Intense creativity is underway on the second floor of the Textile Museum of Sweden. Colours, cords, hairdryers, lab coats, and textiles with unusual structures surround students in creative chaos.
Participants are halfway through a five-day workshop. Earlier, they viewed a presentation and design brief from the company Inuheat, which has developed a technology to control the temperature in garments.
Education4fashion-Tech (E4FT) is a collaboration between the Swedish School of Textiles, Politecnico di Milano – Dipartimento di Design and The University of the Arts - London College of Fashion. The project is funded by the EU Erasmus+ programme.
The E4FT will end in August this year after three years of collaboration.
The aim is to develop a foundation for a Master's education programme that combines fashion design and technology within the European Higher Education Area (EHEA), which is 48 countries that work together to achieve comparable and compatible systems in higher education in Europe.
Ann Vellesalu is one of the coordinators of the Swedish School of Textiles's part of the project. She explains that the students have been given the task of freely exploring the company's technology using their senses of artistic expression and all the opportunities available on site in the labs at the Swedish School of Textiles.
“The students have been exploring hand weaving and knitting, together with conductivity and how to connect their textiles or garments to a power source. Now they are exploring printing – an extra possibility that they can test for artistic expression.”
Students Matilda Falk, from the Swedish School of Textiles, and Diane Wallinger, from the London College of Fashion, paint with thermochrome paints on both sides of a textile they made. When we catch up with them while they’re working, it was still unclear what the result would be as the creative work was going on as they were creating the prototype.
Ann Vellesalu says that the purpose of the workshop was to explore the labs and smart textiles, to integrate technology into the design process, and to understand the process of using smart textiles in clothing.
"Students will also practice pitching their prototype to investors. To sum up, you could say that the goal is to integrate design, technology and entrepreneurship,” she explains.
A total of 15 students were to participate in the workshop, five from each partner university. Unfortunately, however, the students from Milan were unable to participate due to travel restrictions.
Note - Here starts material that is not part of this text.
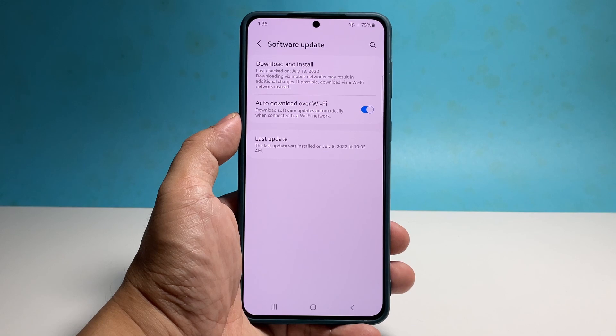However, your phone will still prompt you to install the update. It won't install it automatically to prevent disruption of your work.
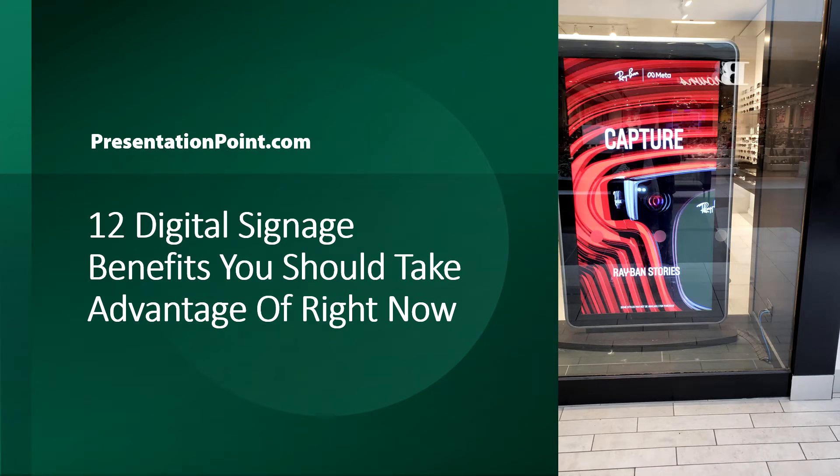Welcome! Digital signage use is exploding. Here are 12 digital signage benefits you should take advantage of right now.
The ultimate goal of EF4T is to develop a Master's programme that combines fashion design and technology within the European Higher Education Area (EHEA).
What is happening with the project in the future?
"At present, we are developing guidelines on which subjects should be included in a Master’s level fashion technology programme. The aim is for the programmes to use fashion technology curricula in which we have summarised and critically analysed the experience of both teachers and students who participated in the project. The project ends in August this year, but the same consortium, including some additional partners, has already been granted and launched another Erasmus+ project FT Alliance based on the results of the E4FT.